** What needs to be done **
I need the lines below from the one with "You need to" down to the one with "Now let's fine" reproduced exactly, both ends included, and nothing else.

* * *

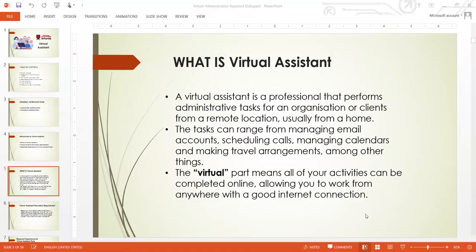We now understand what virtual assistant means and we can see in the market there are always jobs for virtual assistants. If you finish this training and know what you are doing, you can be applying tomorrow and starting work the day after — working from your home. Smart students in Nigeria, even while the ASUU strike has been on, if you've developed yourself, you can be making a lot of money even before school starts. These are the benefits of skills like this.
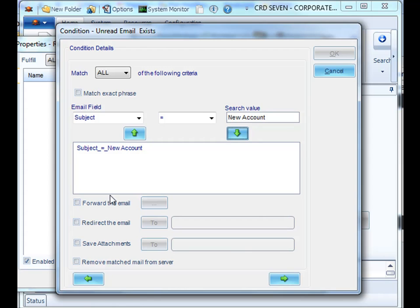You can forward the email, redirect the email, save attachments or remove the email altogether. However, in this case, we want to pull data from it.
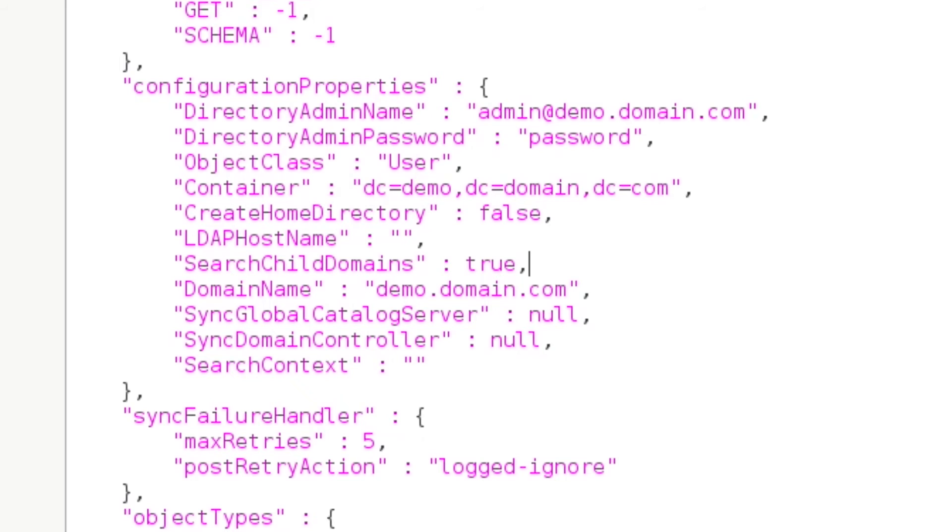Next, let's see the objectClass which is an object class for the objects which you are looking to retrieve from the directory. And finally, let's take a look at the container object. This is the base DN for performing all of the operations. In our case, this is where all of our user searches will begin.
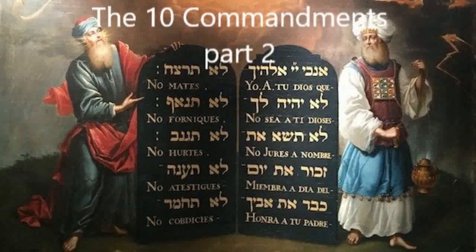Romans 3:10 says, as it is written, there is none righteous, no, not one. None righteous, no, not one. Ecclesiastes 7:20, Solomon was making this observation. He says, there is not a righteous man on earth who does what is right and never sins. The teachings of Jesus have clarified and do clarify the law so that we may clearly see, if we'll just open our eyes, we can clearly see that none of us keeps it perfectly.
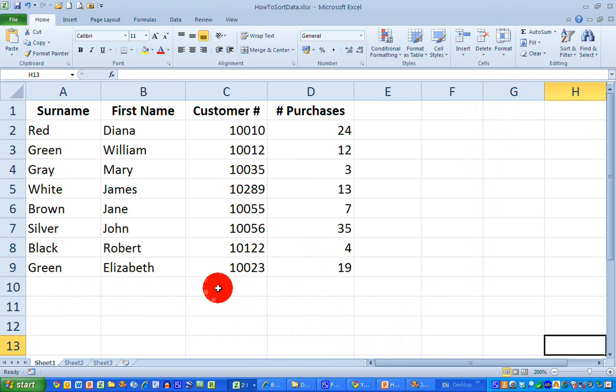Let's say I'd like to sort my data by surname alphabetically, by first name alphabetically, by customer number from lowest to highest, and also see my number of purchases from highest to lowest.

* * *

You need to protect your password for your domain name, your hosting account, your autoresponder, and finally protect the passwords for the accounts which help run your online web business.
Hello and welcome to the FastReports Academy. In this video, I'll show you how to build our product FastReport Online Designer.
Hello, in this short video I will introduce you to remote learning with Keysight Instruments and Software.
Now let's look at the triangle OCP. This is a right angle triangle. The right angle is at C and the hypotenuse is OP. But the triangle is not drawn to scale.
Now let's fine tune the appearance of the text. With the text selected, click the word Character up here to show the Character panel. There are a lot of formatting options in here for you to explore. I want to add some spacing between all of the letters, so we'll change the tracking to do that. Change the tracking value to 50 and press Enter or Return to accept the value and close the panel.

* * *

** Solution **
You need to protect your password for your domain name, your hosting account, your autoresponder, and finally protect the passwords for the accounts which help run your online web business.
Hello and welcome to the FastReports Academy. In this video, I'll show you how to build our product FastReport Online Designer.
Hello, in this short video I will introduce you to remote learning with Keysight Instruments and Software.
Now let's look at the triangle OCP. This is a right angle triangle. The right angle is at C and the hypotenuse is OP. But the triangle is not drawn to scale.
Now let's fine tune the appearance of the text. With the text selected, click the word Character up here to show the Character panel. There are a lot of formatting options in here for you to explore. I want to add some spacing between all of the letters, so we'll change the tracking to do that. Change the tracking value to 50 and press Enter or Return to accept the value and close the panel.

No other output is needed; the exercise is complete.